> Directions
Your copy should match the records exactly, apart from the pictures, which stay out.

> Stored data
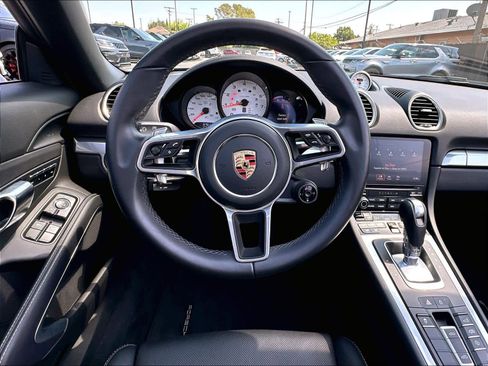 Used 2024 Porsche 718 Boxster RWD image 8
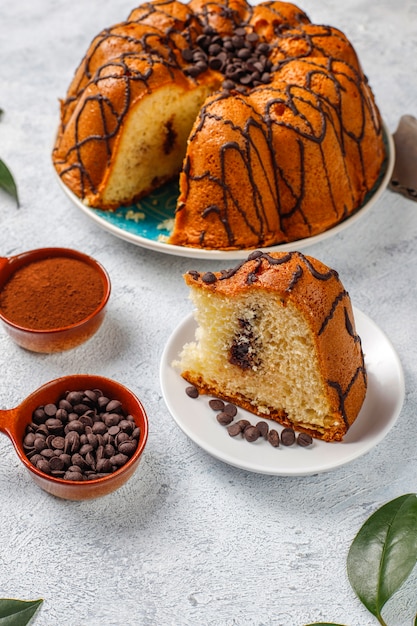 Foto grátis delicioso bolo de chocolate com gotas de chocolate, vista superior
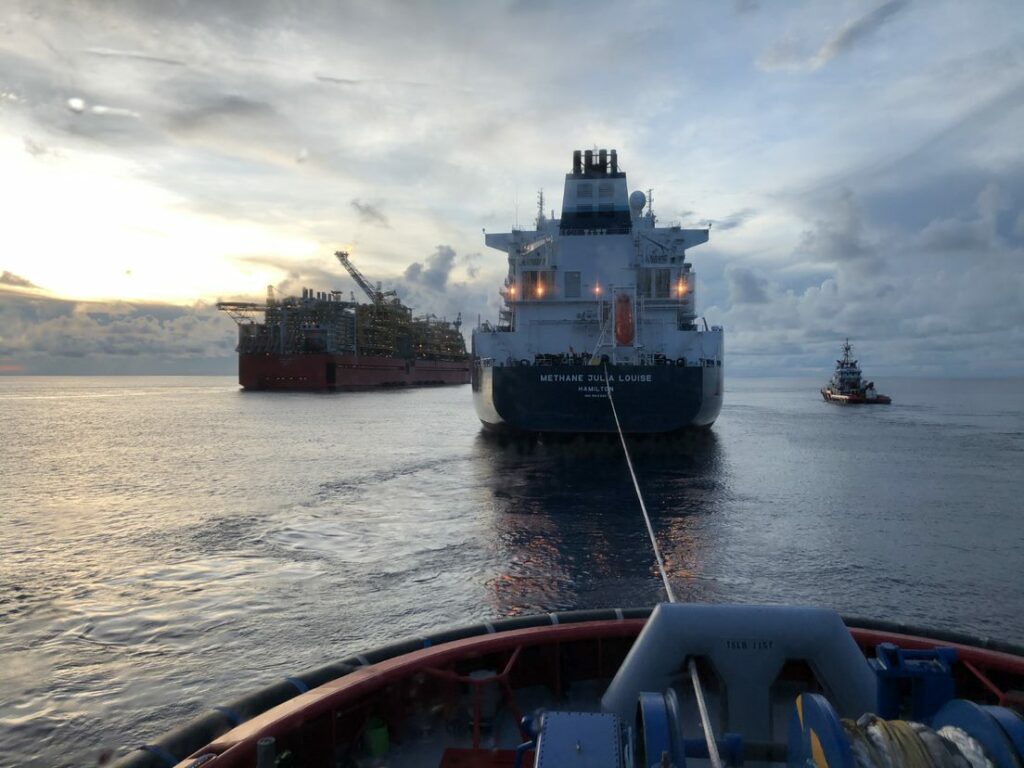 TUG MASTER TRAINING SHELL PRELUDE FLNG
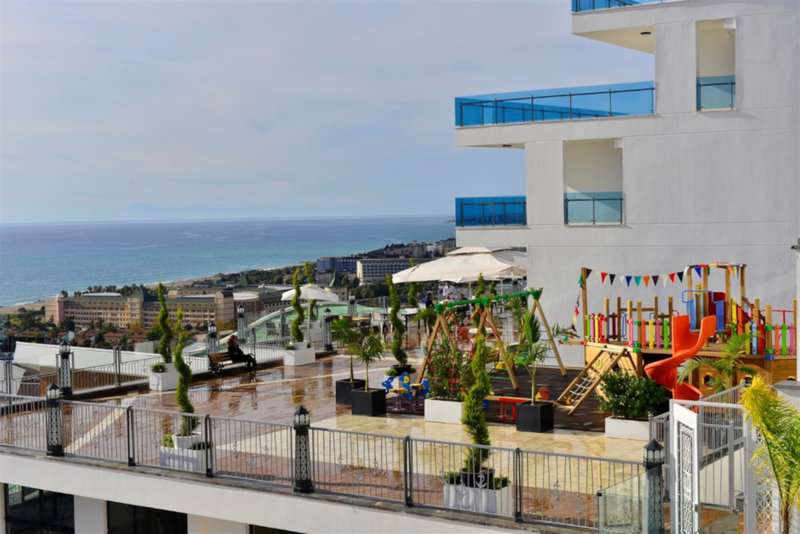 Elite Luxury Suite 11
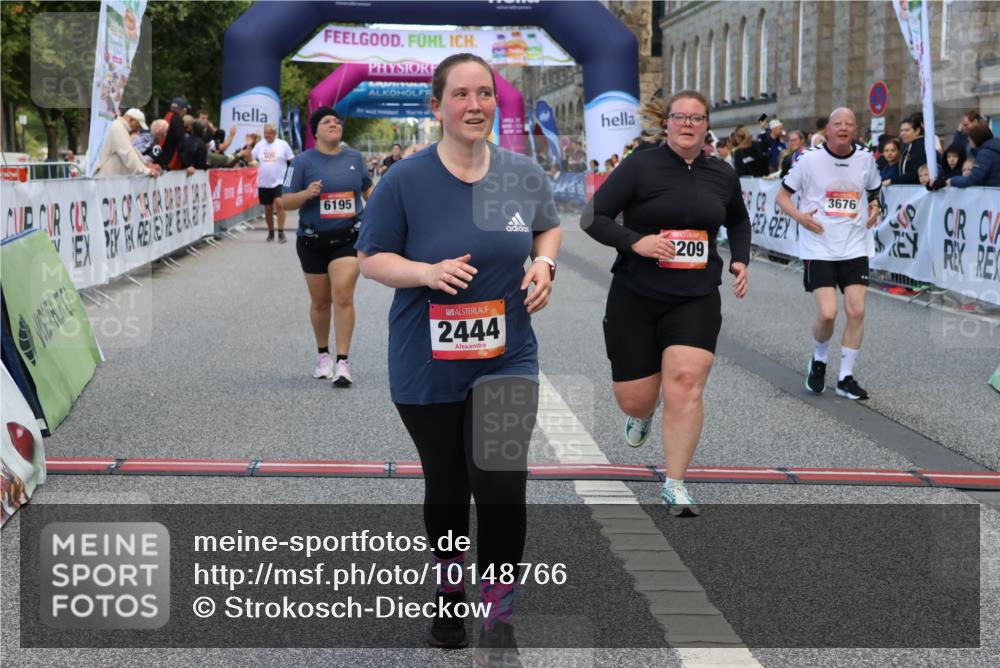 06.09.2026 - CURREX Alsterlauf Strokosch-Dieckow http://msf.ph/oto/10148766 06.09.2026 10:30:55 Ziel 2444, 3676, 4853, 6195, 6197, 8209 meine-sportfotos.de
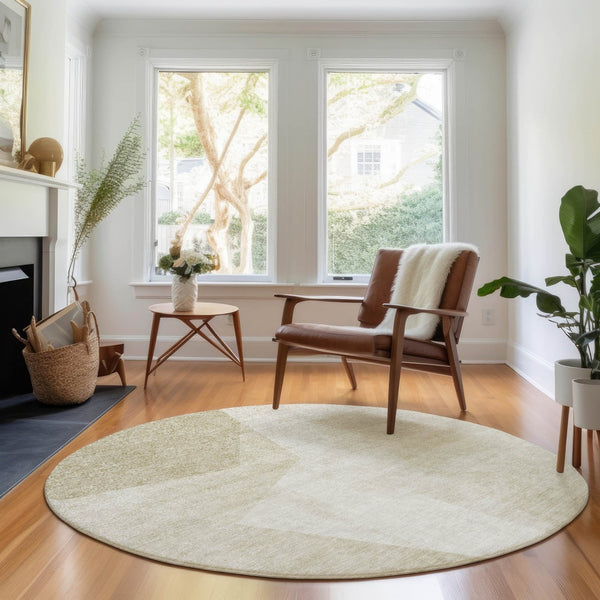 HomeRoots 8' Beige and Ivory Geometric Round Rug - Washable, UV-Protected, Nonslip, Ideal for Homes with Kids & Pets 657476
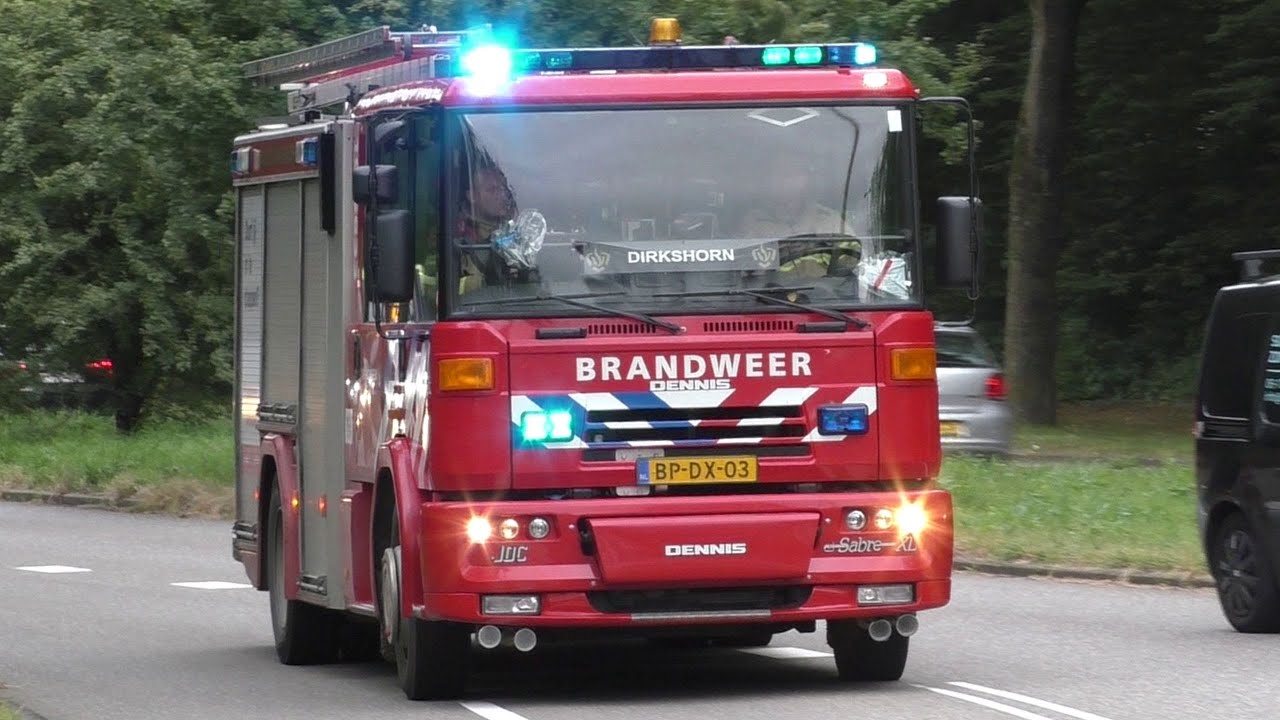 [GRIP 1/Peloton] Hulpdiensten met spoed naar een zeer grote brand in een winkelcentrum in Alkmaar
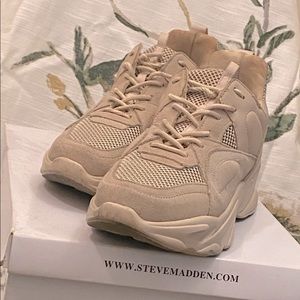 Steve Madden Movement In Beige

> Answer box
 Used 2024 Porsche 718 Boxster RWD image 8
 Foto grátis delicioso bolo de chocolate com gotas de chocolate, vista superior
 TUG MASTER TRAINING SHELL PRELUDE FLNG
 Elite Luxury Suite 11
 06.09.2026 - CURREX Alsterlauf Strokosch-Dieckow http://msf.ph/oto/10148766 06.09.2026 10:30:55 Ziel 2444, 3676, 4853, 6195, 6197, 8209 meine-sportfotos.de
 HomeRoots 8' Beige and Ivory Geometric Round Rug - Washable, UV-Protected, Nonslip, Ideal for Homes with Kids & Pets 657476
 [GRIP 1/Peloton] Hulpdiensten met spoed naar een zeer grote brand in een winkelcentrum in Alkmaar
 Steve Madden Movement In Beige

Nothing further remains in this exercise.